For example, the triple \((2,b_3,1)\in (L_3,W_3,R_3)\) means that \(b_3\) is rewritten into \(c_3\), while the left neighbouring field contains the second letter of its sequence \(W_2\), and the right neighbouring field contains the first letter of its sequence \(W_4\).

If a letter is not rewritten at all, like \(a_5\), then the corresponding sequences \(L\) and \(R\) are empty. In fact, there is a consistency condition that must be met by the sequences \(R_{i-1}\) and \(L_{i}\) for each index \(i\), as the rewrites at positions \(i-1\) and \(i\) are executed in some order, and this order is encoded in these sequences. For example, \(L_3=(1,2)\), which means that \(a_3\) is rewritten into \(b_3\), while tape field \(2\) still contains the original letter \(a_2\), and \(b_3\) is rewritten into \(c_3\), while tape field \(2\) contains the next letter \(b_2\). Thus, before the second rewrite at position \(3\) can occur, the letter \(a_2\) at position \(2\) has been rewritten into \(b_2\), which is expressed by the fact that \(R_2=(2,3)\) starts with the number \(2\). Finally, the second number in \(R_2\) states that \(b_2\) is rewritten into \(c_2\) only after the second rewrite at position \(3\) has been performed. Hence, \(R_2=(2,3)\) and \(L_3=(1,2)\) lead to the sequence of rewrite steps \((1: a_3\rightarrow b_3), (2: a_2\rightarrow b_2), (3: b_3\rightarrow c_3), (4: b_2\rightarrow c_2).\) \(\square \)

To formalize the notion of compatibility of two finite non-decreasing sequences of integers \(R = (r_1,\dots ,r_k)\) and \(L=(\ell _1,\dots ,\ell _s)\), where \(k,s\ge 0\), we define a multiset \({\mathrm {order}}(R,L)\) as follows:

$${\mathrm {order}}(R,L) = \{\,r_i+i-1\mid i=1,\dots ,k\,\}\,\cup \,\{\,\ell _j+j-1\mid j=1,\dots ,s\,\}.$$

Now the pair of sequences \((R,L)\) is called consistent, if \({\mathrm {order}}(R,L)=\{1,2,\dots ,k+s\}\), that is, it is the integer interval \([1,k+s]\). In the example above, we obtain \({\mathrm {order}}(R_2,L_3) = {\mathrm {order}}((2,3),(1,2)) = \{2,4,1,3\}=\{1,2,3,4\}\), thus we assign a number between 1 and \(4=|R_2|+|L_3|\) to each of the rewrites at positions \(i-1\) and \(i\), in this way specifying the order in which these rewrites must be executed.

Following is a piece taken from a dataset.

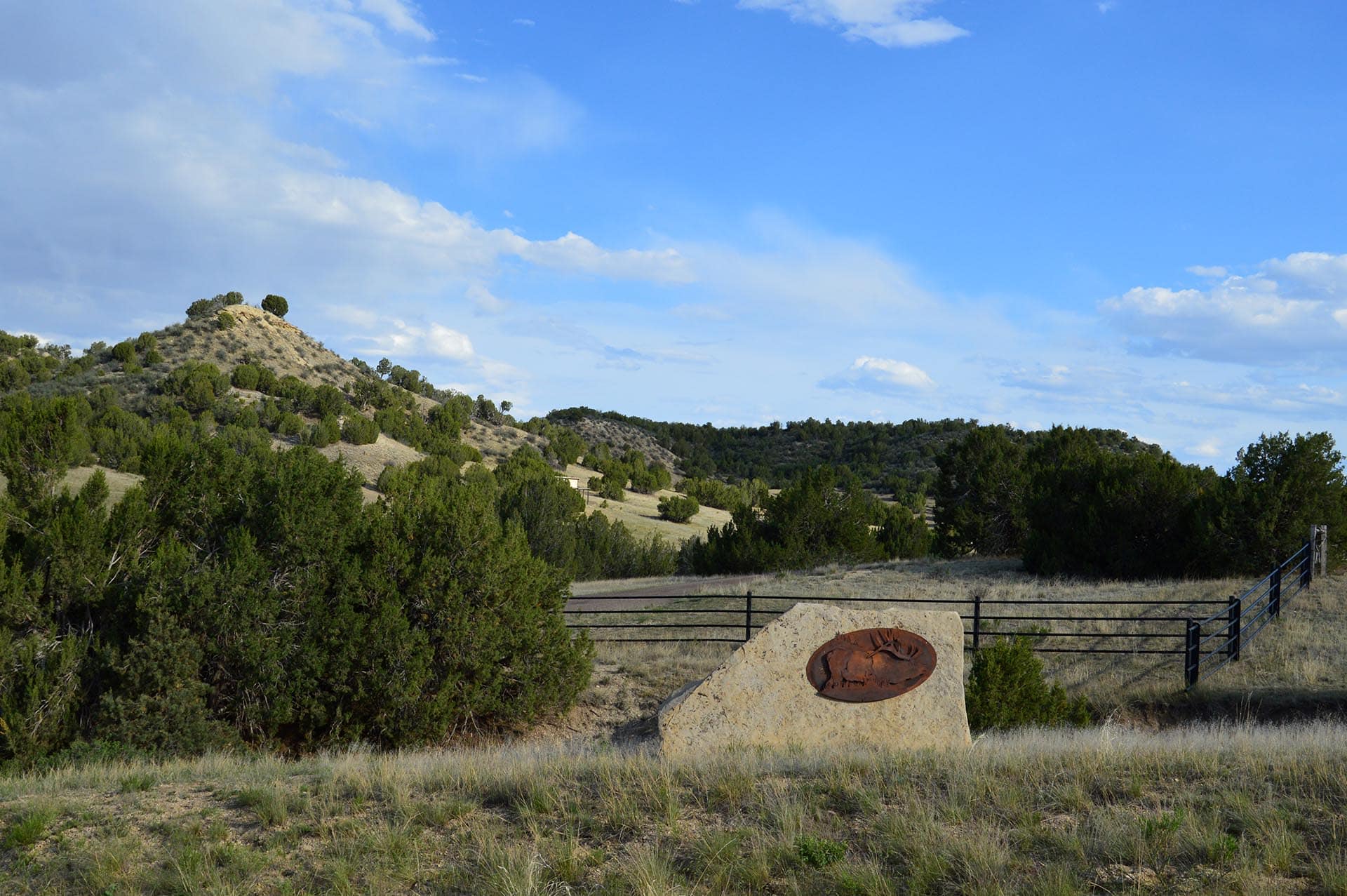 Wide landscape with a grassy foreground, a rocky, tree-covered hill on the left, and a blue sky with clouds; a stone with a circular metal sculpture sits near a fence in the foreground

Based on the above ideas, we will now establish the following general result.

Theorem 5

Let \(M=(\varSigma ,\varGamma ,\rhd ,\lhd ,\delta _M,>)\) be a stl-det-ORWW-automaton. Then an unambiguous NFA \(A=(Q,\varSigma ,\varDelta _A,q_0,F)\) can be constructed from \(M\) such that \(L(A)=L(M)\) and \(|Q|\in 2^{O(|\varGamma |)}\).

Proof

Let \(M=(\varSigma ,\varGamma ,\rhd ,\lhd ,\delta _M,>)\) be a stl-det-ORWW-automaton. At the extra cost of at most one additional tape symbol, we can assume by Lemma 3 that \(M\) executes an accept step only when its window contains the right sentinel \(\lhd \). Let \(n=|\varGamma |\). As a first step we construct an NFA \(B\) for the characteristic language \(L_C(M) = \{\,w\in \varGamma ^*\mid (\lambda ,\rhd w \lhd )\vdash _M^* \mathsf{Accept}\,\}\) of \(M\), which consists of all words over \(\varGamma \) that \(M\) accepts.

The NFA \(B=(Q,\varGamma ,\varDelta _B,q_0,F)\) is constructed as follows:

  • The set \(Q\) contains the initial state \(q_0\), a designated final state \(q_F\), and all pairs of triples of the form \(\left( (L_1,W_1,R_1), (L_2,W_2,R_2) \right) \), where, for \(i=1,2\),

    • \(W_i\) is a sequence of letters \(W_i = \left( w_{i,1} , \dots , w_{i,k_i} \right) \) from \(\varGamma \) of length \(1\le k_i\le n\) such that \(w_{i,1}> w_{i,2} > \dots > w_{i,k_i}\), or \(W_i=\left( \rhd \right) \) and \(k_i=1\),

    • \(L_i\) is a sequence of positive integers \(L_i = \left( l_{i,1} , \dots , l_{i,k_i-1} \right) \) of length \(k_i - 1\) such that \(l_{i,1}\le l_{i,2} \le \dots \le l_{i,k_i-1}\le n\),

    • \(R_i\) is a sequence of positive integers \(R_i = \left( r_{i,1} , \dots , r_{i,k_i-1} \right) \) of length \(k_i - 1\) such that \(r_{i,1}\le r_{i,2} \le \dots \le r_{i,k_i-1}\le n\),

    • the sequences \(R_1\) and \(L_2\) are consistent, that is, \({\mathrm {order}}(R_1,L_2) = \{1,2,\dots ,k_1+k_2-2\}\).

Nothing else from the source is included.